The bottom line in real world terms is that the GF4MX card you mention above has a higher maximum potential throughput than the comparable Radeon, but it's wildly inconsistent and spotty in terms of performance. Due to the mixing of rendering chipsets, the image quality suffers as well, especially in 2D windows applications. NVidia really dropped the ball with the release of the GeForce 4 MX line, and they are pretty much universally panned in the gaming enthusiast market.

ATi's Radeon line, on the other hand, is remarkably consistent, and thanks to ATi stepping up their driver support with the Catalyst drivers (you should go download the latest Catalyst drivers right away), they have great D3D support, pretty good OpenGL support, and crisp 2D image quality.

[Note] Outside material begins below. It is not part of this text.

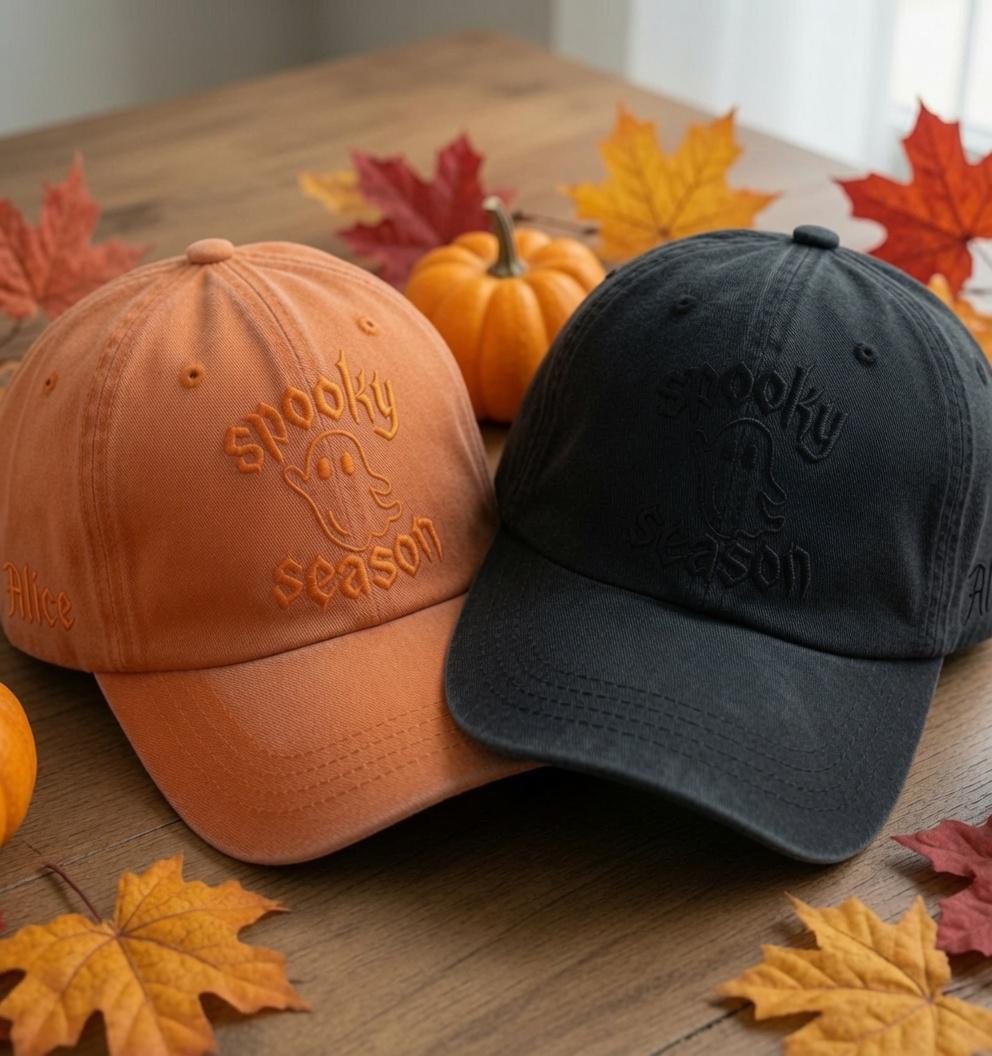 Embroidered Spooky Season Washed Hat, Halloween Ghost Cap, Cute Ghost Hat, Spooky Season Fall Cap, Cozy Autumn Gift For Women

The top of the line Radeon cards kick the crap out of the top of the line NVidia offerings right now too, but you aren't working with the high end, so I won't delve into that here.

I have two computers here, one with a GeForce card and one with a Radeon card, and there is a distinctly visible difference in image sharpness in 2D. I can't fairly compare them in 3D, however, since I have the latest generation of Radeon, and my GeForce card is old, but you get the idea.

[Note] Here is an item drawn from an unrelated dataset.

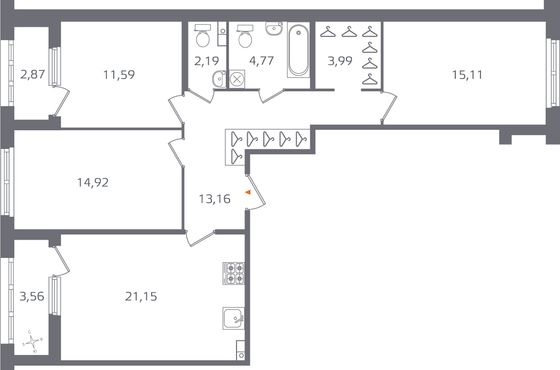 Продажа 3-комнатной квартиры 90,1 м², 2/10 этаж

Honestly, for the money you spent, I think the Radeon was probably the way to go. In terms of bang-for-the-buck ratio though, the best option would either be the GeForce4 Ti 4200 (not the card you mention above, the one I mention here is from the titanium line) for about $100ish or the Radeon 9500 Pro for about $170... either one of those would have the best turnover in terms of performance vs. price.

Of course, I gather you didn't even want to spend that on a video card, but I figure I should throw it out there in case anyone else was looking for a video card and didn't want to break the bank.

∴ M. Bean | 21-Apr-2003 7:28pm est | #1856

M. Bean wrote:

I would also like to note that if you want to make a strong increase in gaming performance, aside from upgrading the CPU/Mobo, you might want to boost the amount of RAM in your machine to 512 MB or more. That will make a noticeable difference in just about everything, and RAM is also really freakin' cheap nowadays.

Of course, if your mobo doesn't support DDR RAM you won't get as much of a performance increase, but increasing your RAM will still help regardless.